One way to identify La Salle College High School linebacker Abdul Carter in last Friday night’s imposing victory over Downingtown East was to look for No. 22.

Another way was to look for No. 11.

The best way was to look for the guy who kept making big plays to keep the Cougars out of the end zone.

“Everywhere,” Downingtown East coach Mike Matta said of Carter’s impact on La Salle’s 27-7 victory in a clash of two of Southeastern Pennsylvania’s top Class 6A teams in Kottmeyer Stadium.

It was a team effort on the defensive side as La Salle improved to 3-0 in advance of Saturday night’s showdown with archrival and two-time reigning PIAA Class 6A state champion St. Joseph’s Prep at Cardinal O’Hara.

La Salle High linebacker Abdul Carter made two big hits on a key goal-line stop against Downingtown East.
YONG KIM / Staff Photographer
La Salle High linebacker Abdul Carter made two big hits on a key goal-line stop against Downingtown East.

The 6-foot-3, 220-pound Carter, a junior who is regarded as one of the state’s top recruits in the class of 2022, started the game wearing his favorite jersey number, 22.

“I’ve been wearing that number since I was 8 years old,” Carter said.

By the middle of the second quarter, Carter was wearing No. 11, since his original jersey was torn to pieces in the hurly-burly of the action.

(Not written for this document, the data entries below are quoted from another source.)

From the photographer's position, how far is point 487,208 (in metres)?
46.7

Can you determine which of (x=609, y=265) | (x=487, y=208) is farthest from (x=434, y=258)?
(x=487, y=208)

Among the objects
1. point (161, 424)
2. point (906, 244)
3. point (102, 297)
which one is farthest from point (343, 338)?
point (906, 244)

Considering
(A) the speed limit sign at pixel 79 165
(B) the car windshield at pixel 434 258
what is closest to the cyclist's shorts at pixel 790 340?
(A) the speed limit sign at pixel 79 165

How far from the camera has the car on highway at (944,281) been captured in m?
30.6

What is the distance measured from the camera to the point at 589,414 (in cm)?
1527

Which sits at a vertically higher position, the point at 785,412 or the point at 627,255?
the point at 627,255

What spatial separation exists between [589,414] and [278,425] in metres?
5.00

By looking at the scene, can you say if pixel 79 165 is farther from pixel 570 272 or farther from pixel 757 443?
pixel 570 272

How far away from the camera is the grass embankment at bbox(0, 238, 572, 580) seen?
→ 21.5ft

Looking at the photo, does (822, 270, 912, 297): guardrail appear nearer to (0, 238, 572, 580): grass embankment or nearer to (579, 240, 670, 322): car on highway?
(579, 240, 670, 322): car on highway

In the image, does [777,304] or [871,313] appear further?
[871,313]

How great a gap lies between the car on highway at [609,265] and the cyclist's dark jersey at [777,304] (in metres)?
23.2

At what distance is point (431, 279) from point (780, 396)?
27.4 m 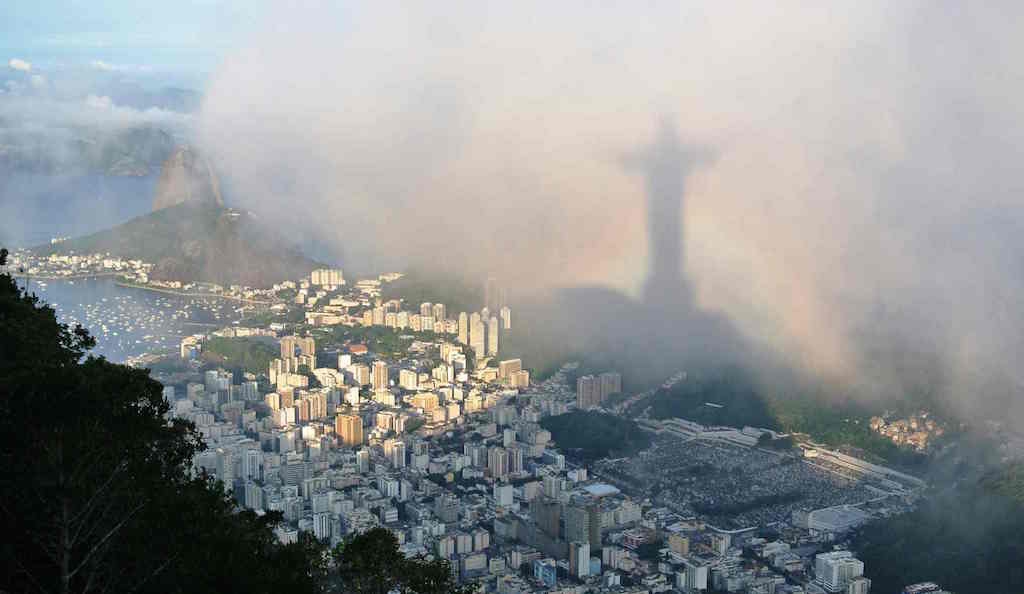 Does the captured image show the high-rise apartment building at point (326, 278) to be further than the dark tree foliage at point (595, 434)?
Yes

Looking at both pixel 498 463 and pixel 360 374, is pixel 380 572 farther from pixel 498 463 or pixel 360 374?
pixel 360 374

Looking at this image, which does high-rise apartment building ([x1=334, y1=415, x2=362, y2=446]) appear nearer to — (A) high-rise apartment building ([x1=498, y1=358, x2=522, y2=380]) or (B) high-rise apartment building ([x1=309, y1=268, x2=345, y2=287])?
(A) high-rise apartment building ([x1=498, y1=358, x2=522, y2=380])

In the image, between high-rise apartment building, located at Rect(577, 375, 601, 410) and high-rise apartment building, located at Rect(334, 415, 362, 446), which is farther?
high-rise apartment building, located at Rect(577, 375, 601, 410)

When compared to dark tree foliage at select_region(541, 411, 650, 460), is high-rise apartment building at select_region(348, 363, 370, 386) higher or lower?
higher

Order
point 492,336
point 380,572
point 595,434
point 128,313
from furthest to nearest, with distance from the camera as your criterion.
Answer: point 128,313, point 492,336, point 595,434, point 380,572

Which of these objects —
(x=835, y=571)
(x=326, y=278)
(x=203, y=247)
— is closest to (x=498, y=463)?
(x=835, y=571)

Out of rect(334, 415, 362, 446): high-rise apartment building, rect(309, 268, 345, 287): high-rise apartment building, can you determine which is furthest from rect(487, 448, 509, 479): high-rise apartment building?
rect(309, 268, 345, 287): high-rise apartment building

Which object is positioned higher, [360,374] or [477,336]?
[477,336]

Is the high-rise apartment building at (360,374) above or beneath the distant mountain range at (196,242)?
beneath

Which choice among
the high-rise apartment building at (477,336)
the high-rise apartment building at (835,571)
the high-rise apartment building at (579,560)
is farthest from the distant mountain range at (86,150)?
the high-rise apartment building at (835,571)

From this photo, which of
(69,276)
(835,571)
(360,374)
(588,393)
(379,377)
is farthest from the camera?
(69,276)

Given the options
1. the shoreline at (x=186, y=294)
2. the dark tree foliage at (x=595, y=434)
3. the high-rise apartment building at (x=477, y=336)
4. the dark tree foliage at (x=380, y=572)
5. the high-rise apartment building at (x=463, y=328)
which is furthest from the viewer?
the shoreline at (x=186, y=294)

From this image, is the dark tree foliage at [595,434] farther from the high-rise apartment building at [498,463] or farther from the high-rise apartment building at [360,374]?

“They were holding me, ripping my whole jersey,” Carter said without a hint of complaint. “They ripped it in half. I had to switch to No. 11, but it’s one of my favorite numbers so I’m good with it.”

As No. 22, Carter made a thunderous hit early in the second quarter on a third-and-9 from the La Salle 10. That was part of a defensive stand that ended when Darold Dengohe’s pressure forced an errant throw on fourth down.

As No. 11, Carter made an even bigger hit later in the second quarter, forcing a fumble at the goal line that La Salle linebacker Christopher Thompson recovered in the end zone.

“I’m not sure we’ve ever played a more physical team,” said Matta, whose Downingtown East team projects as one of the top squads in the Ches-Mont League and District 1 during this pandemic-shortened season.

The instinctive, athletic Carter was in the center of most of the action, ranging from sideline to sideline, providing sturdy support against Downingtown East’s powerful running game and deftly dropping into coverage as well.

“He’s an incredible athlete, and every week he gets better at playing linebacker,” La Salle coach John Steinmetz said. “The sky is the limit for him.”

Carter, who lives in West Philadelphia, played youth football for the Max Myers Panthers, North Philly Aztecs, and Fairhill Owls. He was a running back and safety, but switched to linebacker at La Salle.

Carter has more than a dozen scholarship offers from programs such as Penn State, Michigan, Mississippi, and Southern California. He’s a fan of the Trojans but said he’s not close to making a decision, since restrictions created by the coronavirus outbreak have limited his ability to visit schools.

Carter knows the highlight of any La Salle season usually is the Philadelphia Catholic League battle with St. Joseph’s Prep. This year, the game has added significance since the 1-0 Hawks and the Explorers are ranked No. 1 and No. 5, respectively, in High School Football America’s Pennsylvania Top 25.

In addition, Saturday night’s winner will have the inside track on the District 12 Class 6A berth in the state semifinals, although Archbishop Wood likely will have a say in that matter as well.

“It’s a big opportunity for us,” Steinmetz said.

For Carter and the rest of the La Salle defense, the challenge is clear: containing a Prep offense that features quarterback Kyle McCord, an Ohio State recruit, as well as playmakers such as Marvin Harrison Jr., another Ohio State recruit; Malik Cooper, a Temple recruit; and Sahmir Hagans, a Duke recruit.

“I love challenges,” Carter said. “I’m one of the most competitive people, I think, in the world.”

Carter said he enrolled at La Salle in part to help the Explorers reach another level — and play his part in one of the area’s richest rivalries.

“I wanted to join a school that I thought had a chance to win a state championship," Carter said. "I didn’t want to join a giant. I wanted to beat the giant, like St. Joe’s Prep.”